### The task
Give again only the lines from the line that holds "a white bathroom" to the end of the data, inclusive, omitting all pictures.
---------- Dataset content
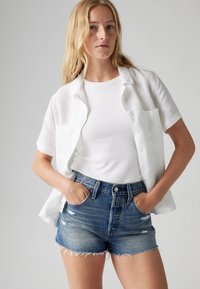 Balti trumpomis rankovėmis mygtukais užsegama palaidinė dėvima ant balto riboto tankinio viršaus, derinama su stipriai dėvėtomis džinsinėmis šortais su nusitrynusiomis kraštinėmis.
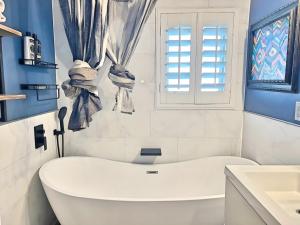 a white bathroom with a tub and a window at Pick from Curated Vintage Vinyl 3B-2B Lic 65597 in La Quinta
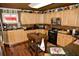 Kitchen featuring wooden cabinets, a mosaic backsplash, and stainless steel appliances and dark countertops at 301 Spruill Bridge Rd, Temple, GA 30179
--------------------
### Task output
 a white bathroom with a tub and a window at Pick from Curated Vintage Vinyl 3B-2B Lic 65597 in La Quinta
 Kitchen featuring wooden cabinets, a mosaic backsplash, and stainless steel appliances and dark countertops at 301 Spruill Bridge Rd, Temple, GA 30179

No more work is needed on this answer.